Paris, 6 juillet 1750. Bruno Lenoir et Jean Diot périssent étranglés puis brûlés en place de Grève. Ils seront les derniers condamnés à mort pour homosexualité en France. Mêlant réalité et fiction, l'historienne Pauline Valade nous plonge dans leur destin tragique avec Bruno et Jean.
- L'Éden à l'aube, de Karim Kattan. Éditions elyzad.
Dans un roman pédé, politique et militant, l'auteur palestinien Karim Kattan met en scène à Jérusalem une histoire d'amour entre deux garçons. "Le plus clair de leur temps, ils toussaient du sable, il y avait du sable dans leurs bouches et leurs narines quand ils s'embrassaient, du sable dans les fesses quand ils se les rinçaient, du sable sable au fond du lit, sous les alèses, du sable dans les tasses et au fond des assiettes." Un roman de désir et de tempête, à qui nous consacrons une double page dans le têtu· de l'hivers en kiosques.
- Midi, minuit, sauna, de Lucien Fradin.
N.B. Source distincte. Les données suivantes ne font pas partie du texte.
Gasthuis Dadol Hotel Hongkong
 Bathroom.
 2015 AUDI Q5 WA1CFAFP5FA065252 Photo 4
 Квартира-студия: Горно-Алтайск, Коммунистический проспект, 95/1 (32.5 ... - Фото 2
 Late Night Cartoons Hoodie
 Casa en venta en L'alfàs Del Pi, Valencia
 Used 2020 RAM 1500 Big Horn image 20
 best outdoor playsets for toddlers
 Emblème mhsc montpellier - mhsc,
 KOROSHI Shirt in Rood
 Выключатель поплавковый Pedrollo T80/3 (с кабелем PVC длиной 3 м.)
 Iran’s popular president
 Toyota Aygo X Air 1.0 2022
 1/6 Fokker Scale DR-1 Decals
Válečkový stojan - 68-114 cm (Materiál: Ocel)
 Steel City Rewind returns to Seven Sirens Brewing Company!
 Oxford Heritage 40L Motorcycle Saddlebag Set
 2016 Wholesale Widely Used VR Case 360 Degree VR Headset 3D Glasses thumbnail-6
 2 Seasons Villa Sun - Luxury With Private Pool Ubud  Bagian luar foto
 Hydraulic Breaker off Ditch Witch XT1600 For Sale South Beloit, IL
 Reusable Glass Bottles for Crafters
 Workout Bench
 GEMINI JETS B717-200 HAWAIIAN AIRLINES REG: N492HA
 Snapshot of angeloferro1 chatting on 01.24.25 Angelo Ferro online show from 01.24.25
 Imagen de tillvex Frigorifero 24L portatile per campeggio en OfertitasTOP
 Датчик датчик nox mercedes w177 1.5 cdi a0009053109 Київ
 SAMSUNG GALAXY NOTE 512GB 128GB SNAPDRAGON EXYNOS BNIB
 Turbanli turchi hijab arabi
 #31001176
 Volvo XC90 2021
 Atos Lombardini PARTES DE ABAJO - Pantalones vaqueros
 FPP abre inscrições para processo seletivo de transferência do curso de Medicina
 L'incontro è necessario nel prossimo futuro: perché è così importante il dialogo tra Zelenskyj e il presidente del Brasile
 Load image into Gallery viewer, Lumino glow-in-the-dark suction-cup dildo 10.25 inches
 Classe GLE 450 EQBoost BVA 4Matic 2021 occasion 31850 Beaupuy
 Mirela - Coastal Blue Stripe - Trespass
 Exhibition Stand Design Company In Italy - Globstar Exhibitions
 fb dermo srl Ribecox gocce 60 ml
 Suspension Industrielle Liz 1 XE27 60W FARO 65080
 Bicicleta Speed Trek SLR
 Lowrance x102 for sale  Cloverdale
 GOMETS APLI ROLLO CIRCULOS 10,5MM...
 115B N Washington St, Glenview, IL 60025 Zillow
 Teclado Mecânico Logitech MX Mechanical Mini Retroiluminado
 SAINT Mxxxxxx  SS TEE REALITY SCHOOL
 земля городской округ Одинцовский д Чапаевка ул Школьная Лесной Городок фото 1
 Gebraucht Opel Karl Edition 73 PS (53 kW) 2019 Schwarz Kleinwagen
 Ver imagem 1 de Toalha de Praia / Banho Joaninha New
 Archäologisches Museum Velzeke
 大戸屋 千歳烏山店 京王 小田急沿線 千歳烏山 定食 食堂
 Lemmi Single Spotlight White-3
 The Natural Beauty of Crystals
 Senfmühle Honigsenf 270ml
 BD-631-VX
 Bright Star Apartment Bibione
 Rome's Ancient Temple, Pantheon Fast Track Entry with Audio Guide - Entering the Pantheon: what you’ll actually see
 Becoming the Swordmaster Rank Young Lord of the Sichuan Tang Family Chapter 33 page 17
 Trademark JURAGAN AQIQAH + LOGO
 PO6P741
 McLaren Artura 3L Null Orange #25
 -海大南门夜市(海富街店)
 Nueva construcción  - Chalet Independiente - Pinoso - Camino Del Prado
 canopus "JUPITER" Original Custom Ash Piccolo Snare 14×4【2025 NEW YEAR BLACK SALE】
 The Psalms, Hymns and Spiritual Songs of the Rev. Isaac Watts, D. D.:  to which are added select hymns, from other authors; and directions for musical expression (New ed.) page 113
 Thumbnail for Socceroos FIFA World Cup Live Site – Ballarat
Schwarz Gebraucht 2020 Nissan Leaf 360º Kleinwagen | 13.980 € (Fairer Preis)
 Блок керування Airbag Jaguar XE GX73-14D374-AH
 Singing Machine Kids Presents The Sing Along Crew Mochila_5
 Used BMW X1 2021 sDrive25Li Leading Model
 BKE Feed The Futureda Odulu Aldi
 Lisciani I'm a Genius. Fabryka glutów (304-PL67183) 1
Éditions La Musardine.
Dans Midi, minuit, sauna, le narrateur passe une journée dans un sauna, d'abord seul avant d'être rejoint par des amis. Il connaît bien l'établissement, où il a travaillé plus jeune, en boxer bleu, débardeur blanc et tongs aux pieds. Au centre du lieu, un jacuzzi hexagonal, puis des cabines et autres espaces de sexe s'étendent sur deux étages et abritent une galerie de personnages avec qui baiser, discuter, ou sur qui simplement fantasmer.
- La Couronne de serpent, de Guillaume Perilhou. Éditions de l'Observatoire.
La beauté n'est pas une malédiction ; l'enfer, c'est le regard des autres. Et l'auteur le prouve en suivant la trajectoire de Björn Andrésen, apollon révélé, pour son malheur, par le réalisateur italien Luchino Visconti dans Mort à Venise.
- L'Effondrement, d'Édouard Louis. Éditions du Seuil.
"Ses rêves se sont heurtés à son monde et il n'a pu en réaliser aucun." Dix ans tout juste après la publication de son premier roman, En finir avec Eddy Bellegueule, Édouard Louis conclut son cycle familial par un récit sur son frère, retrouvé mort à 38 ans sur le sol de son studio, au terme d'une vie d'échec et de déceptions.